Opal, however, is not interested in influence and power.  She wants answers.  Seven years ago, her father, a brilliant computer scientist, went missing.  And no one will tell her the truth about his disappearance.  But one of the last people to see him was Howie Mendelsohn, the founder of PAL.  Mendelsohn is a hermit and won't meet with just anyone, but if Opal becomes the biggest thing on WAVE, there is no way that she'll be refused an audience.

Original and innovative, the book is tricky and tedious to read but rewards the effort with striking observations about technology.  I found myself alternately annoyed by the technological gibberish that fills Ahmadi's prose and astounded by his insights on tech.  With the reactionary "Luddites" serving as a surrogate from Trumpism, Ahmadi sends us into a deep exploration of how tech brings us both a better society and simultaneously weakens us for a populist backlash.  For Opal and her peers, there is no reasonable alternative than to move forward into a world of virtual reality, but her elders (and many readers) will achingly find themselves hanging on to some elements of the Luddite manifesto.  It's very subversive and the ideas raised will stick with you a long long time.
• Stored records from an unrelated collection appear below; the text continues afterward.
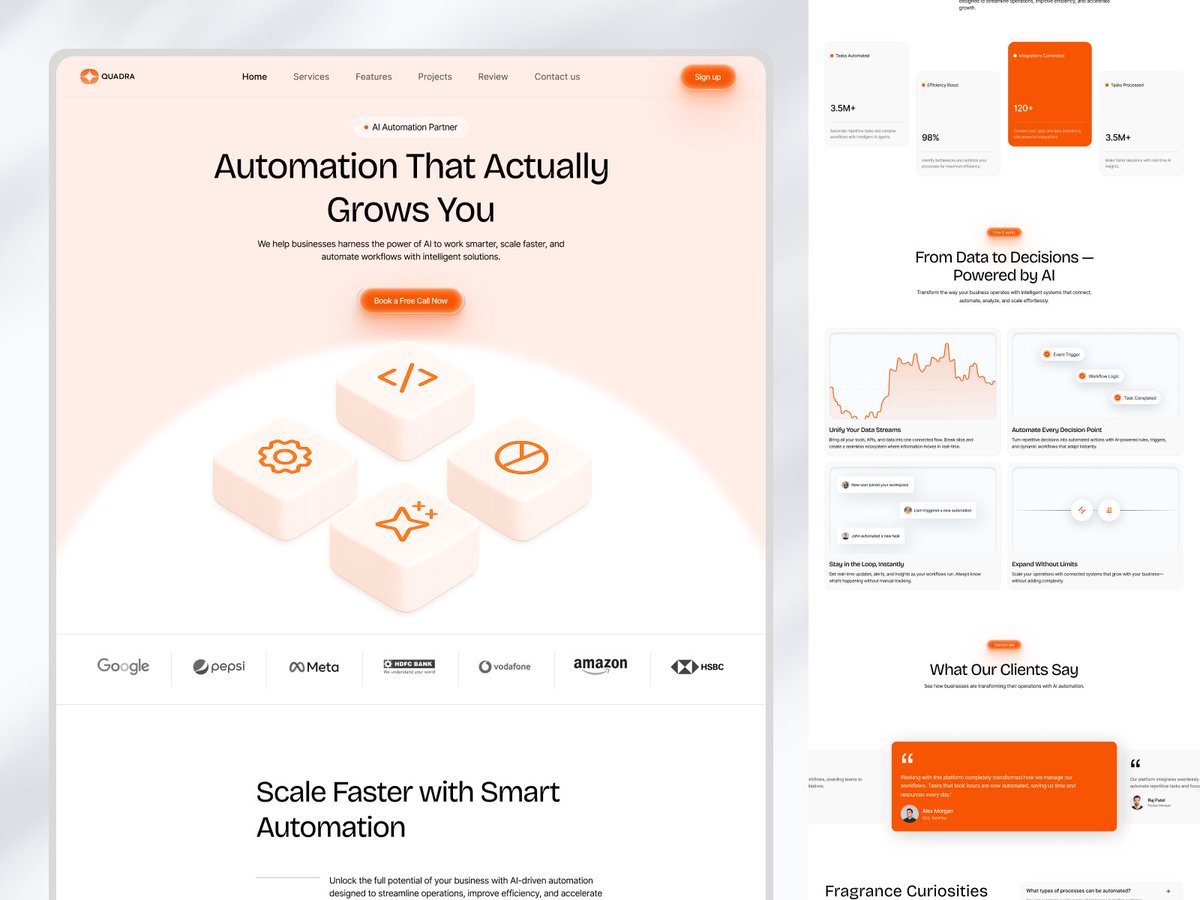 uxankt's tweet photo. Good design isn’t decoration it’s a growth tool.

Designed this AI automation SaaS landing page focused on clarity, conversion, and real product value.

Built for modern B2B products 🚀
#uidesign #uiux #saasdesign #aidesign #automation #webdesign #productdesign #startupdesign https://t.co/l7Eg8JIq7G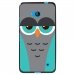 TPU1LUM640CHOUETTE2 - Coque Souple en gel noir pour Microsoft Lumia 640 avec impression Motifs chouette endormie bleue et 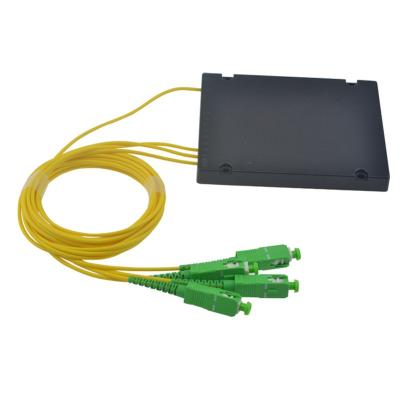 China ABS Box Fiber Optic Splitter FTTH Networking 1x3 1x4 PLC Type With SC Connector for sale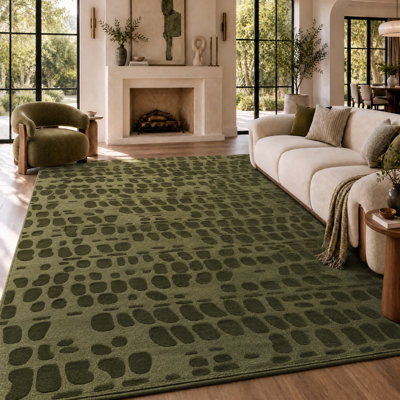 Soft Modern High-Low Washable Area Rug For Living Room, Bedroom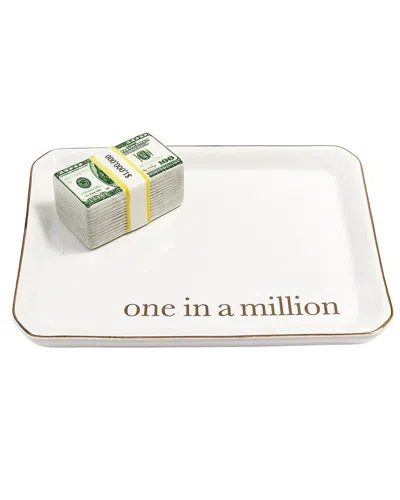 Two's Company One In A Million Iconic Trinket / Desk Tray In White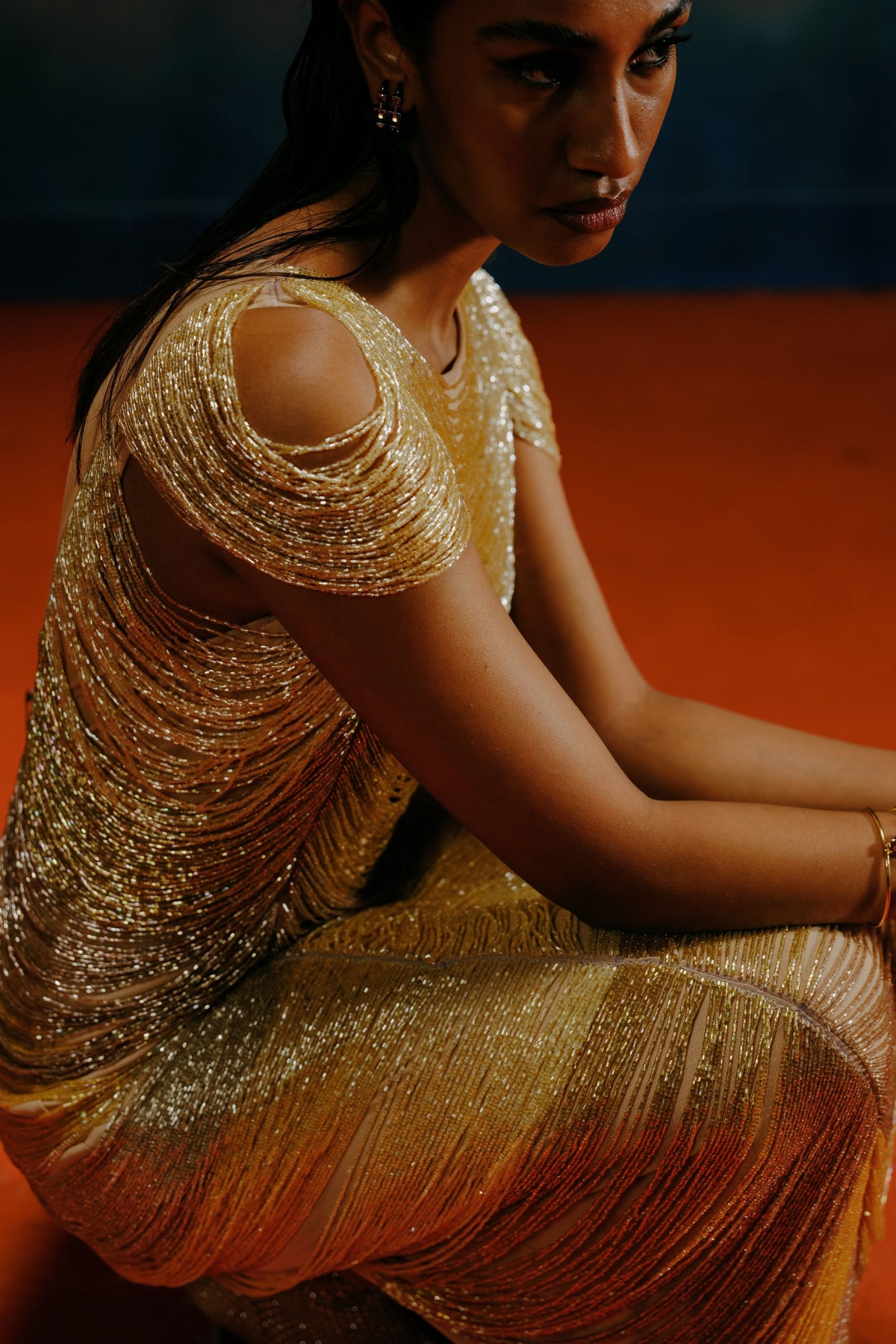 Gold Ombre Tassled Dress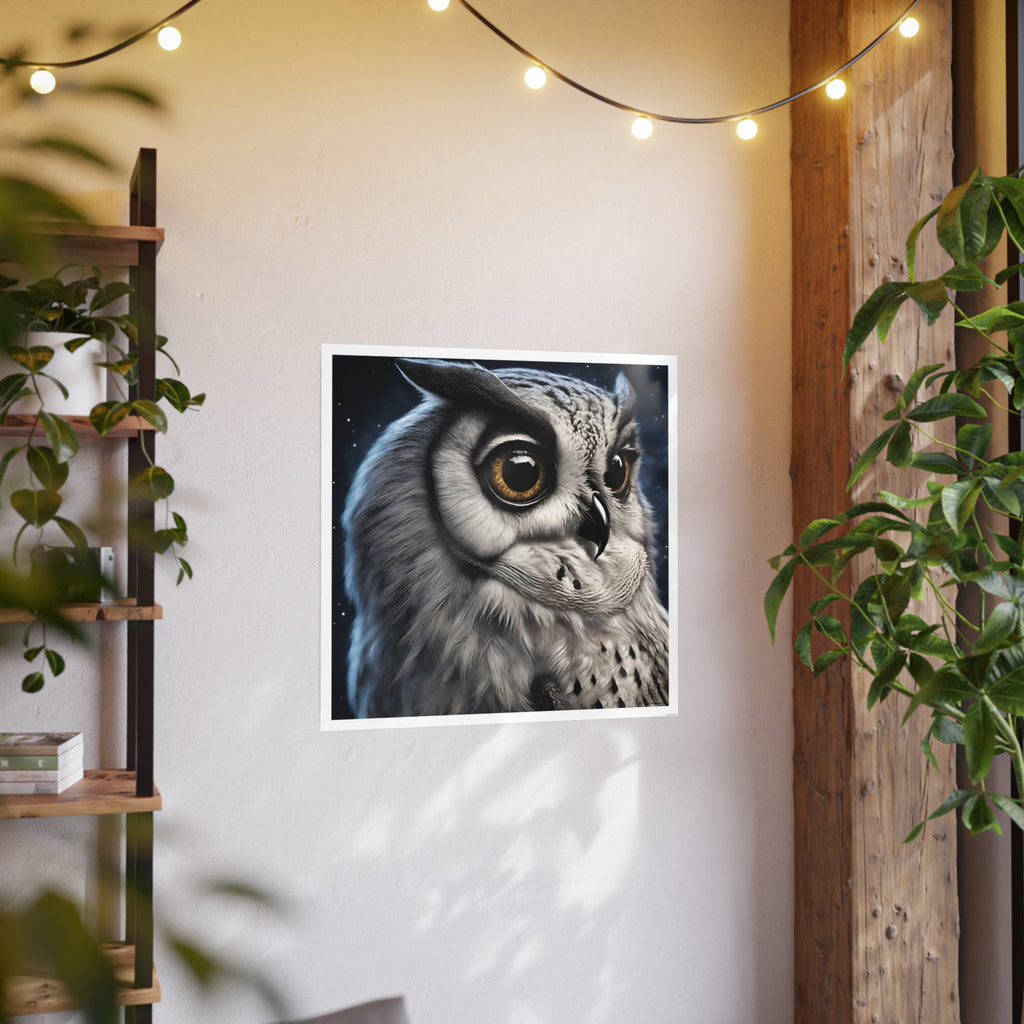 Night Owl Unframed Square Satin Poster for Wall Art - Photographic AI Art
Good ideas do not however an excellent novel make.  Ahmadi is trying to be clever and he's also trying to describe a world that does not have a physical existence and which does not behave in the way we expect it to.  And, while it is easy to get swept away by the magic, he also has a human story (the final human touch, as he'll put it later, that must always be in charge) to tell.  That's a lot to bite off and it makes the book hard to create and (wherever he falls down) hard to digest.  There are numerous places where the story doesn't track, where action scenes and/or dialog make no sense, and where the logic of the story simply collapses.  In many ways, that is part of the experience, but for readers like me that search for human connections and human truths (and are more than a bit Luddite!) this isn't a story we enjoy.  The end result is a mediocre novel with terribly important things to say about the future.